I needed a break by the end of 7th period today. It had been a long day and I needed to just not be a teacher for awhile. I loaded up the yellow box with all of the string, tape and scissors and met the FBC girls in the LGI room. It was a huge crowd this afternoon and we started things off with screaming and running around while they played Dominican Chaos.
Dominican Chaos is one of my favorite games of all times. You learn a lot about emotions while you're playing this with your team.
See Camdyn there with the white sweater and mis-matched socks? That's pure joy.
See Maddie in the purple Patty? That's rage.
Don't worry-- Maddie recovered just fine.

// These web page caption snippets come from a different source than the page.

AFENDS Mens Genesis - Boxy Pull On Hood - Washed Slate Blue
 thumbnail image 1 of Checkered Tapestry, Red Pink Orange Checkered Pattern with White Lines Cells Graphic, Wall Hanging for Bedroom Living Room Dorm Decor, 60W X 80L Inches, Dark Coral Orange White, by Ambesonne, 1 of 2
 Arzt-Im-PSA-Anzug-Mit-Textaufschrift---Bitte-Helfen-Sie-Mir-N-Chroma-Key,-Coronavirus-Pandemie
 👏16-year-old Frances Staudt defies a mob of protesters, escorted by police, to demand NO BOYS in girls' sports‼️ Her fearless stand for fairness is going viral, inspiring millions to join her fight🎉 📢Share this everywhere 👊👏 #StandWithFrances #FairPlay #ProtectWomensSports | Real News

I've been having a lot of conversations about friendship lately and observing groups of friends in action. Friendship is hard. I'll be the first to admit that I'm not always the best friend to all of my people but I hope that I'll keep getting better at being trustworthy, genuine, kind and present.
I was talking with one of my Senior girls today about what she wished she could have told herself when she was in 8th grade. "You do you," she said, "You can't control how other people are going to act." She's right. There's no point in trying to change your friends if you don't like the way they're acting. You are in charge of yourself and only you.
KCraig and I were talking with one of our Junior High girls about having "fun" with her friends. We asked her what that meant and she told us that they get invited to all the cool parties every weekend but then they end up on their phones, getting into trouble or being stressed about not getting into trouble. When we asked her what would actually be fun she said, "Well I really like when we order pizza and watch funny movies like Clueless and we'll play ping pong and see how hard we can hit the ball." Option two sounds like a lot more fun to me. What kind of fun do you want to have? Find friends that want the same thing.
I thought the universal truth about friends was that they are supposed to be nice to you. But I'm finding out from students and campers and YL girls that I love that "being nice" isn't always on the list of friend qualities. And I think that's such a mistake. If you can't trust your friends, they make you do things for them, they intimidate you or make fun of you then I don't really see how they're your friends.
You deserve great friends. You really do. Don't keep investing in the people that aren't the kind of friends you want. There are more people out there who would love to be your friend if you just give them the chance.